ASSIGNMENT: Return the following data exactly, with all pictures left out.

^^^^^^^^

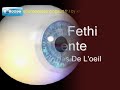 LES ANOMALIES DE L'OEIL.wmv
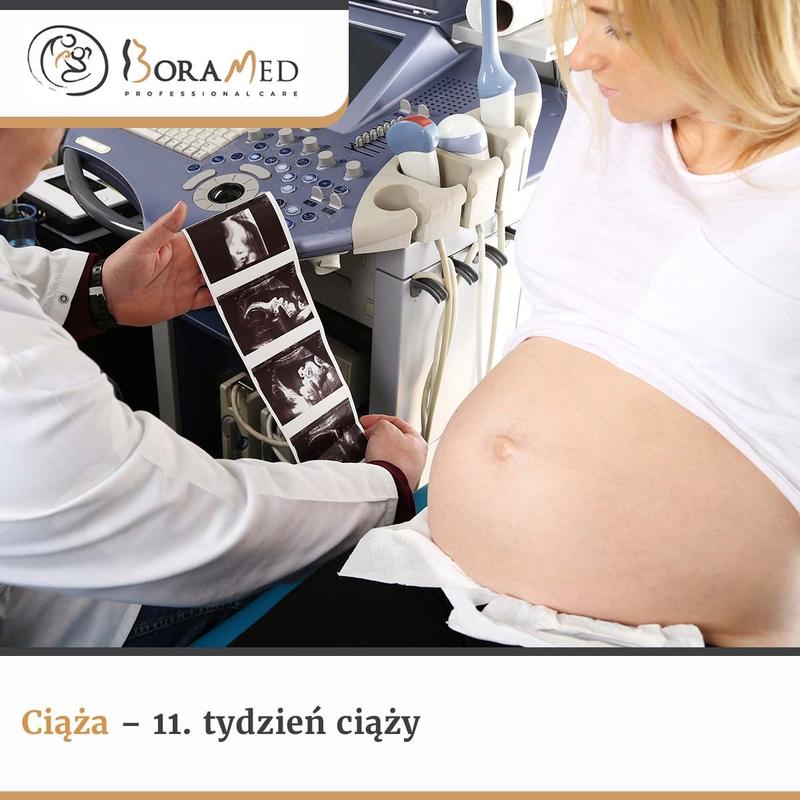 Zdrowa dieta ciążowa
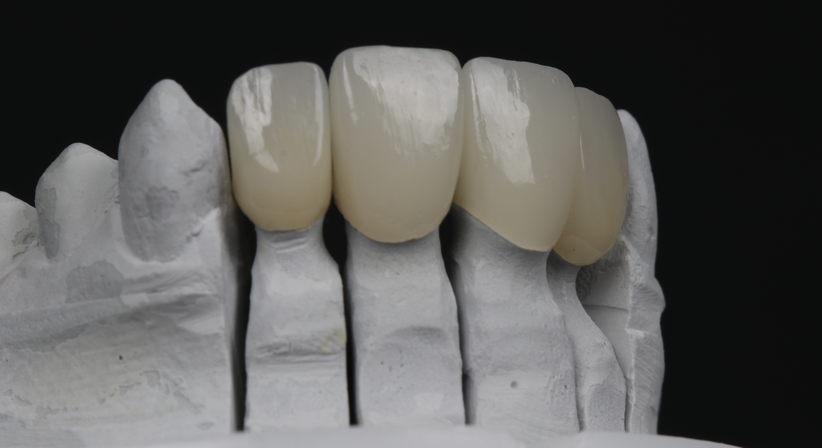 Kronen & Brücken - Dr. Alexander Puchner, MSc - Zahnarzt Neunkirchen 2620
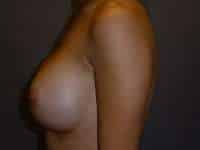 Breast Implant Exchange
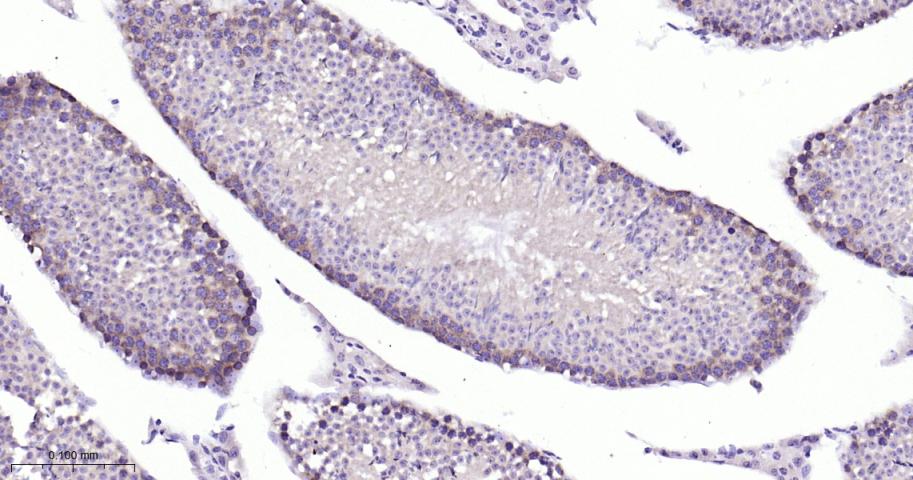 微管蛋白γ重组兔单抗-bsm-61186R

^^^^^^^^

TASK RESPONSE:
 LES ANOMALIES DE L'OEIL.wmv
 Zdrowa dieta ciążowa
 Kronen & Brücken - Dr. Alexander Puchner, MSc - Zahnarzt Neunkirchen 2620
 Breast Implant Exchange
 微管蛋白γ重组兔单抗-bsm-61186R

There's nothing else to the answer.